*** EXTRACTED DATA ***

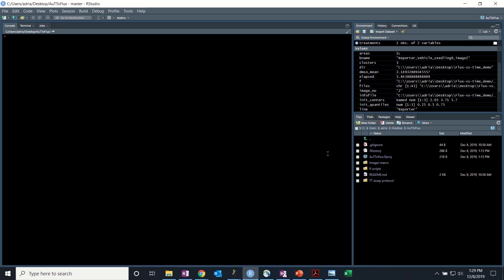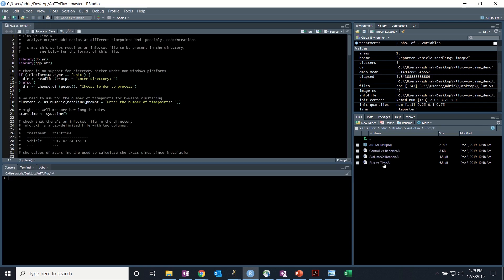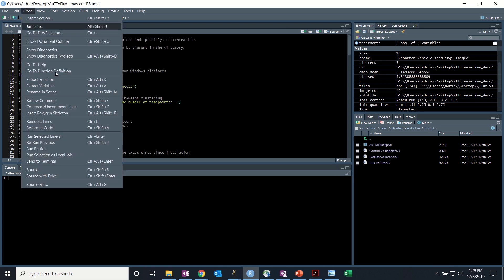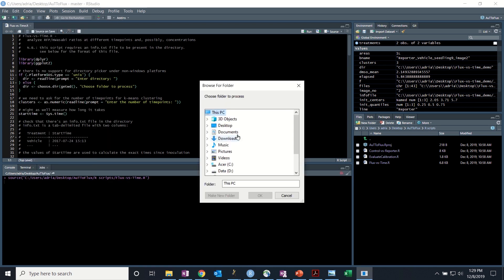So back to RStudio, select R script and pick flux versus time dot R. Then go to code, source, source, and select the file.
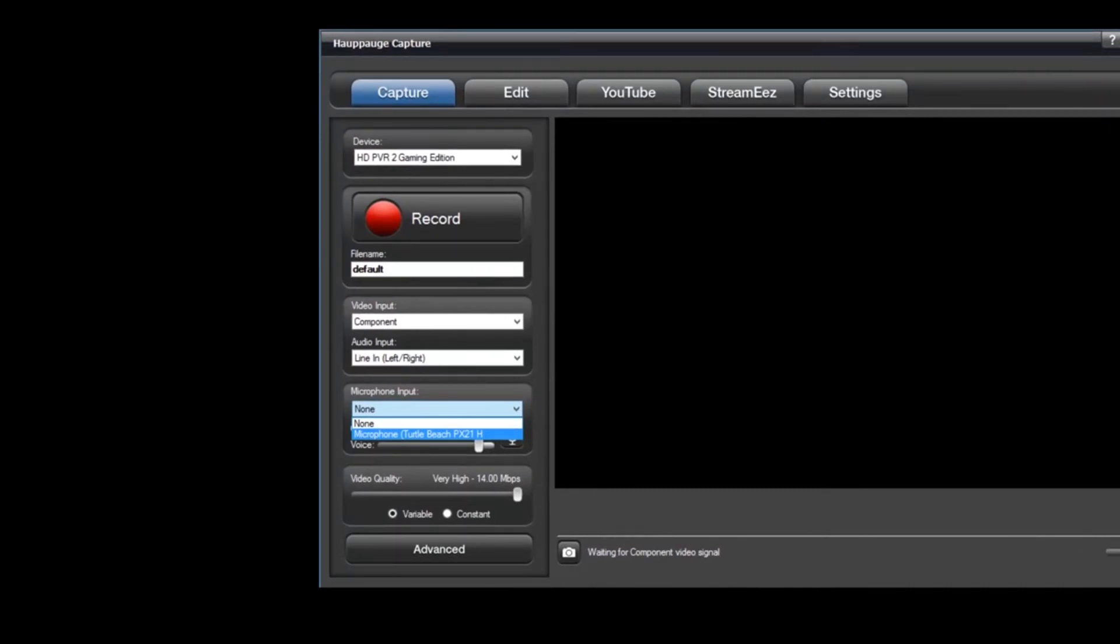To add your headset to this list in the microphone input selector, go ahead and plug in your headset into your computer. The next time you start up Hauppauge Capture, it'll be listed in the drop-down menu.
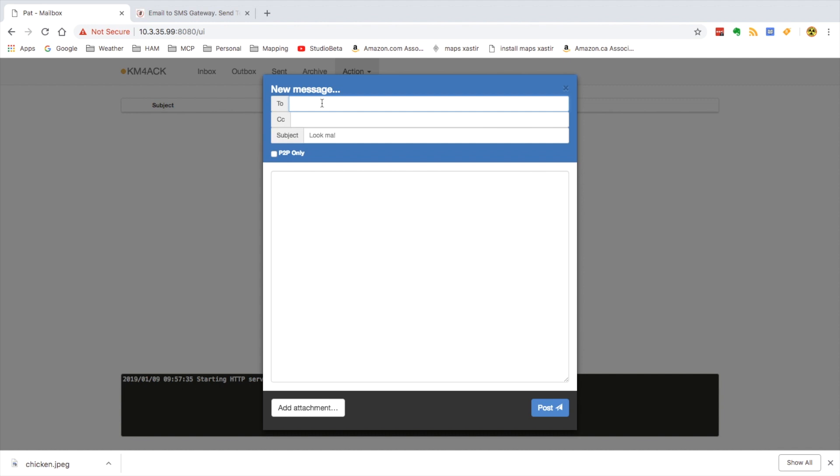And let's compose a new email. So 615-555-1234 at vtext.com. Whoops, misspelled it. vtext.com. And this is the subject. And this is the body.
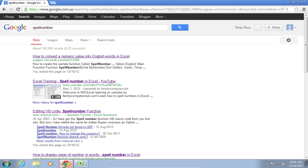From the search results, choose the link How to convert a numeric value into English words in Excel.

***
*** EXTRACTED DATA ***

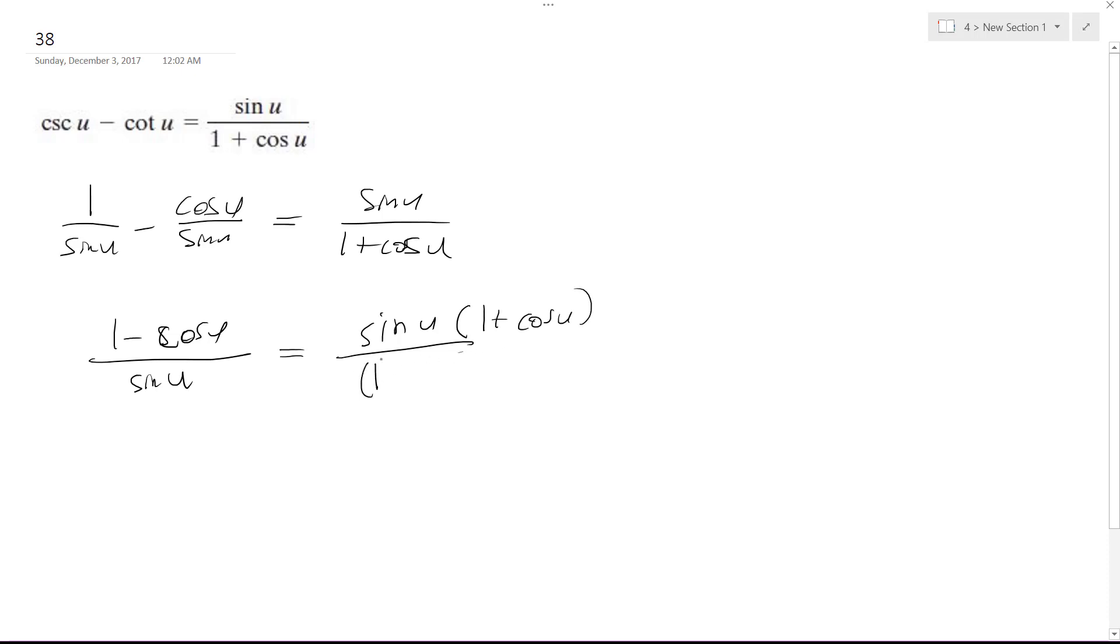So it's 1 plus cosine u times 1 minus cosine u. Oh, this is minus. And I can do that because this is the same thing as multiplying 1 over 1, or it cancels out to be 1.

***

ASSIGNMENT: When you reach the line with "To add your" in the records above, begin repeating the lines exactly, and stop after the line with "And let's compose". Skip all pictures.

RESPONSE:
To add your headset to this list in the microphone input selector, go ahead and plug in your headset into your computer. The next time you start up Hauppauge Capture, it'll be listed in the drop-down menu.
And let's compose a new email. So 615-555-1234 at vtext.com. Whoops, misspelled it. vtext.com. And this is the subject. And this is the body.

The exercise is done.